Ahead of the new TV series of Hugh Fearnley-Whittingstall's Fish Fight this evening (9.00pm, Channel 4). Seafish, the authority on seafood, has released two statements, which they say, present the facts behind a number of key issues which are expected to be explored in this evening's broadcast.
"Marine Protected Areas (MPAs) are designated areas of our oceans, seas and coasts where species and habitats are protected through legal or other effective means from activities that are damaging. Fishing activities which do not have a significant impact on wildlife will be unaffected, some fishing might need to be restricted in certain areas, but if so, it may be possible to find wildlife-friendly ways to keep working.
"Seafish supports the concept of Marine Protected Areas (MPAs) which can play an important role in protecting the biodiversity and productivity of our seas.

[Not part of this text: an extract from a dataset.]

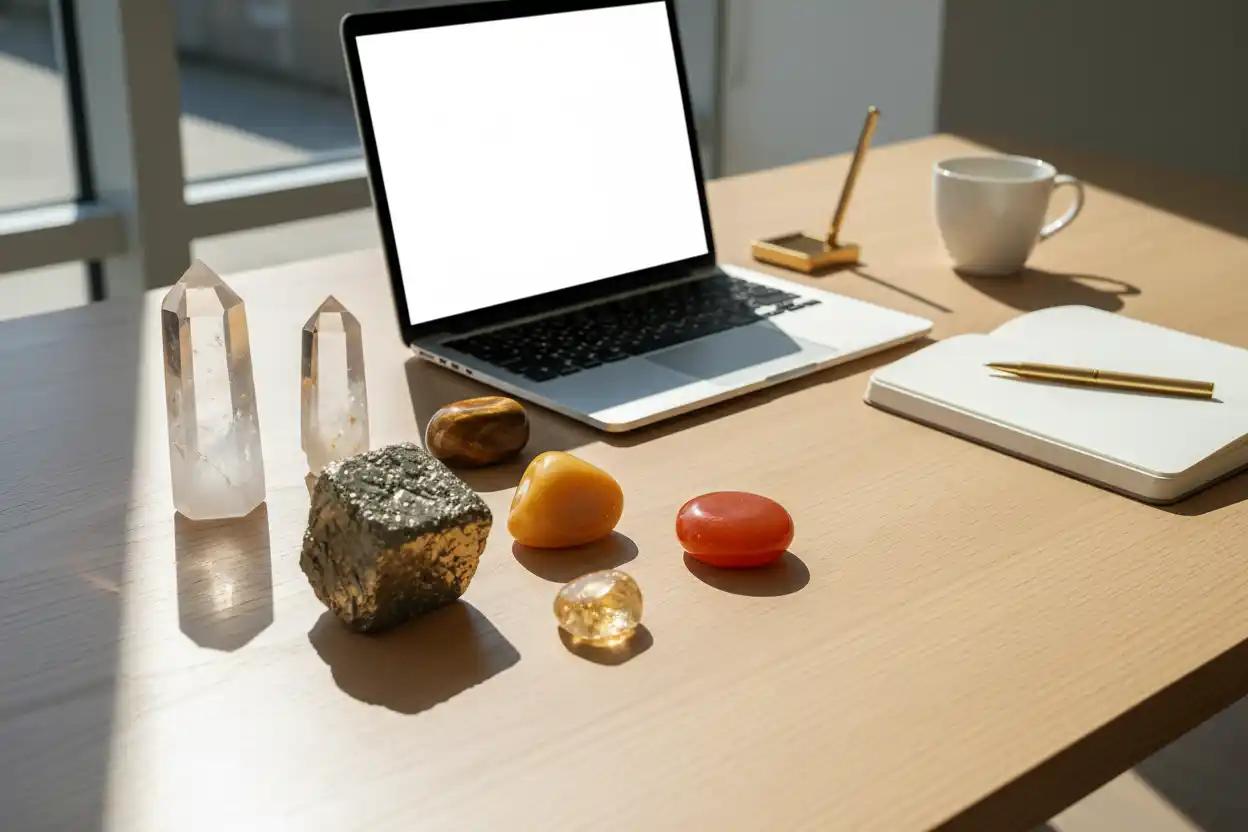 crystals for entrepreneurs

"However, MPAs need to have clear and measurable objectives, as MPAs designed for fisheries management may be quite different to those designed to protect marine biodiversity. There could be some win-wins - for example where a habitat in need of protection also provides an important nursery area for a commercial fish species.
"The Government is in the process of putting in place an ecologically coherent network of Marine Protected Areas as part of a new Marine Planning process. Initial announcements were made at the end of 2012, with new designations coming into force in 2013.

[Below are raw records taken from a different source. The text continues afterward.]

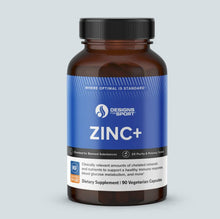 Load image into Gallery viewer, ZINC+ Designs For Sport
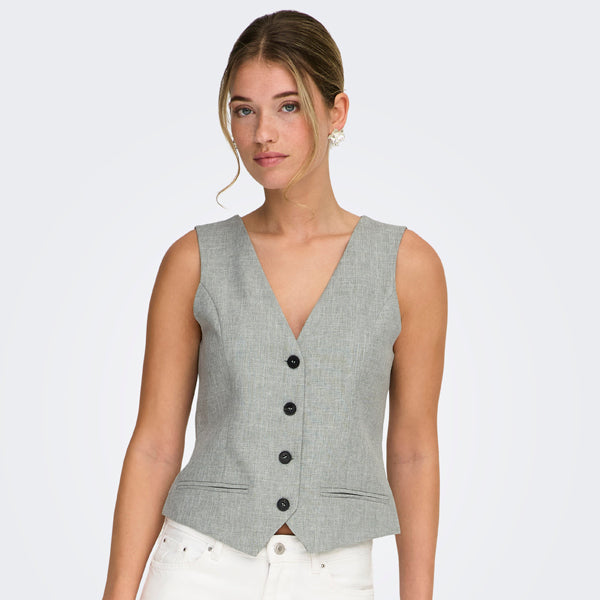 ONLY Linda Weste Salbei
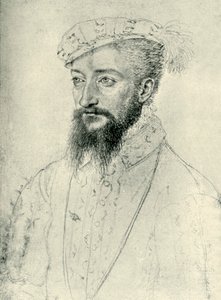 Antoine de Bourbon, koning van Navarra, 1548, 1907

With regards to Scallop dredging, the second statement said: "In 2010, the UK fleet landed 42,700 tonnes of scallops, worth an estimated £54.4m, into UK ports [Marine Management Organisation statistics]. Approximately 60% of UK landed scallops are exported to European countries, particularly France, where UK scallops are held in high regard."
Over 98% of UK landed scallops are caught by vessels using towed fishing gear. There is a misconception that scallop fishermen tow dredges or trawls over every bit of the sea bed. In fact, fishermen know where the species are found and make rational decisions about where to go scallop fishing.
"The severity and extent of the impact of these dredges depend on the nature of the seabed and the overlying water column.
"Dredging may not necessarily be destructive if used in areas with ‘high energy' seabeds (soft or sandy ones that naturally change all the time as a result of normal tide, current and wave action). The key consideration is the resilience of the habitat to scallop dredging.
"Improvements with dredging need to be balanced with an increase in responsibility and accountability of hand-divers, with both taking into account the impact on the environment."
Seafish supports improved management in both sectors, as both have their place in providing food and maintaining a valuable export market for the UK.